Structural, Compositional, and Dielectric State Profiling in Label-Free Single-Cell Monitoring.

Individual cells sense and transition between functional states, and the distribution of these states over time determines drug response, disease progression, and cell manufacturing outcomes. However, repeated measurement is difficult with label-based acquisition, as photobleaching, phototoxicity, and probe-induced perturbation accumulate. Label-free monitoring that leverages intrinsic physical signals circumvents these constraints, shifting the analytical burden from label chemistry to instrumental drift. In this review, we organize this field into three measurement modalities, including imaging-based, vibrational spectroscopy-based, and electrical sensing-based, each linked to distinct intrinsic state variables. Anchoring each modality to biological state variables such as structural organization, molecular composition, or dielectric architecture enables a physics-grounded framework that clarifies how intrinsic signals map onto functional cellular phenotypes in longitudinal monitoring.
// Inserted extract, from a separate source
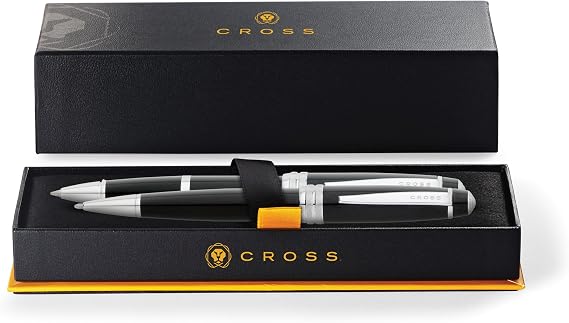 Cross Bailey Black Lacquer Ballpoint Pen & Selectip Rollerball Pen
We describe the measurement principle, drift sources, and feature space for each modality, and evaluate representative platforms against a frame spanning design, feature definition, quantitative performance, and validation practice. Dominant analytical constraints differ systematically across modalities, motivating integrative architectures in which complementary modalities resolve ambiguities that no single modality can disentangle. We further discuss shared requirements for calibration, standardized reporting, and multimodal integration, and outline requirements in hardware miniaturization, edge inference, and artificial intelligence-guided molecular attribution to support scalable quantitative single-cell phenotyping.